I had thought about a better filtering interface though. In fact, I first attempted to provide users two options for the filter, either a whitelist (of type v:t_list) or a function (of type v:t_func). (There was even a secondary buffer specific filter in addition to global one). Later I decided to strip all these additional features in favor of simplicity. That's because although it's tempting to provide more interface for user for more customized configuration, it can get quite messy easily since different users may (and probably will) have different tastes and needs. Consider these possibilities:

1) A user may want to include just a menu, e.g. "Riv". Simple enough. 2) A user may want to include multiple menus, e.g. "Riv" and "Plugin". Not so complex. 3) A user may want to import just a submenu, e.g. "Riv.Project". Umm.. okay? 4) A user may want to import an arbitrary mix of menus and submenus, e.g. "Riv", "Plugin.PO-Files", "Solarized.Contrast". Uh-oh... Requires some thinking on the structure of configuration parameter and some work on parsing that structure.

It's possible to cover all these possibilities with some work, yet still there can be some other needs not addressed. What if user wants to move a menu to some other level (to top-level perhaps) or match menus by some wildcard/regex or reorder whitelisted menus etc.? That's why I decided to drop the whitelist option altogether. I think it requires a lot of work, meaning possibly breaking some stuff and more code to maintain, for some functionality which could be done by user with some custom filtering function. Maybe I'm over-complicating it, I don't know...

Another idea: It would be nice to receive a venu menu selectively, so the user can choose where to hang it in her/his venu tree. E.g.:

This can be implemented using venu#native#parseMenu and s:CreateVenuFromMenu. Shall I expose the latter in API e.g. venu#native#createVenuFromMenu?

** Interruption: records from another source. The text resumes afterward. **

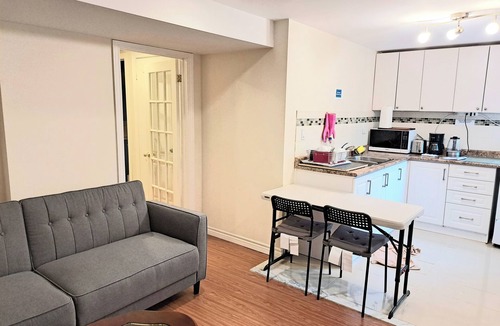 Richmond Hill Apartment | Beautiful Garden & Forest View Private Suite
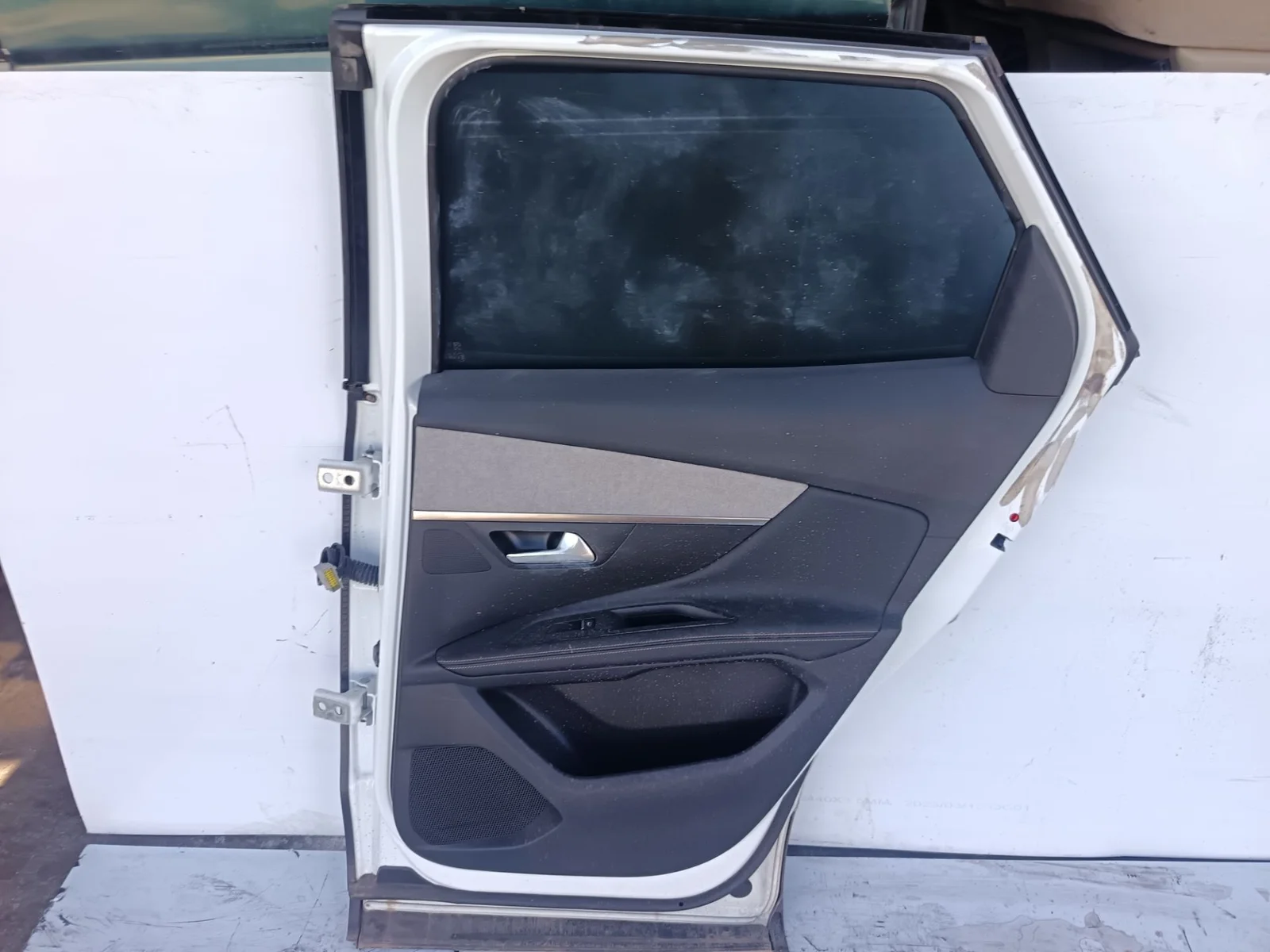 Foto de GUARNECIDO PUERTA TRASERA DERECHA PEUGEOT 3008 1.5 Blue-HDI FAP (131 CV / 96 KW)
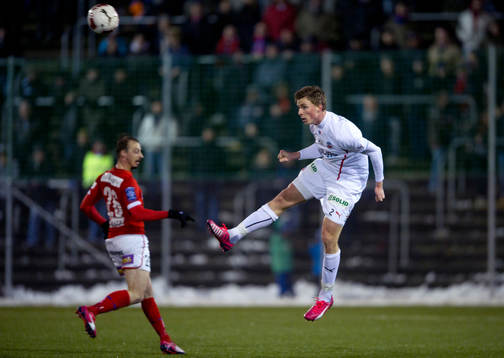 Helsingborgs Carl Johansson nickar undan framför Pär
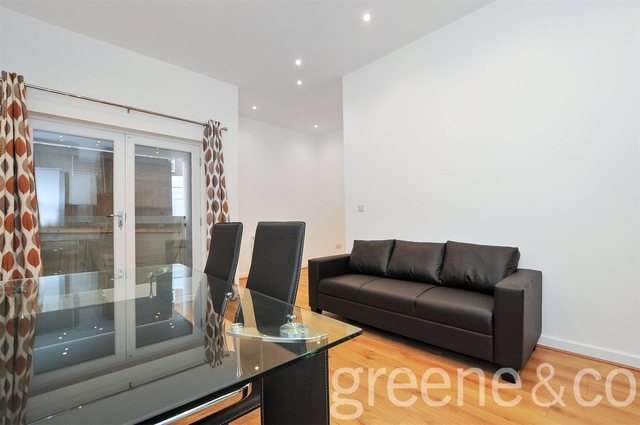  Image of 3 Bedroom Flat  To Rent at London  Old Ford, E3 2HZ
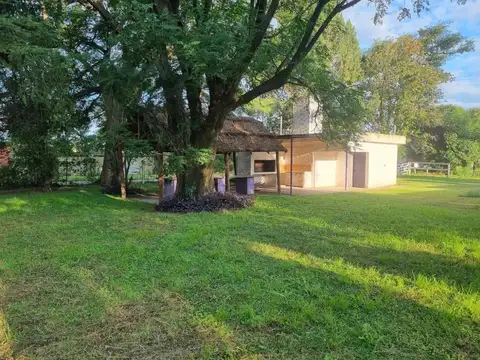 QUINTA EN VENTA EN PERGAMINO CON AMPLIO PARQUE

ps. BTW, filtering function allows modifying a:menu parameter since menu dictionary parameter is passed by reference. A useful side-effect.

ozars commented 5 years ago

I made changes as we discussed. Please let me know if you have any other suggestions, otherwise it's ready for merge. I plan to squash all commits.

Timoses commented 5 years ago

So far, lvgtm.

I think it's a great idea to expose venu#native#createVenuFromMenu.

Would you care to write some documentation (e.g. how to use it, examples, etc.)? I'd think perhaps that a separate document would be good (as its additional functionality) which could go into docs/import.md or something? Let me know if you can manage. Otherwise just squash and let me know when I can pull it into master.

ozars commented 5 years ago

I think it's a great idea to expose venu#native#createVenuFromMenu.

Done in the last commit.

Would you care to write some documentation (e.g. how to use it, examples, etc.)? I'd think perhaps that a separate document would be good (as its additional functionality) which could go into docs/import.md or something? Let me know if you can manage. Otherwise just squash and let me know when I can pull it into master.

Sure, I will. I will ping you once I get done and squash all.

ozars commented 5 years ago

@Timoses I included some documentation. Let me know if you have any suggestions. Also feel free to directly modify the branch if you'd like to make any changes.

Timoses commented 5 years ago

I've tried to add a bit to the documentation.

Apart from the "priority" question, lgtm.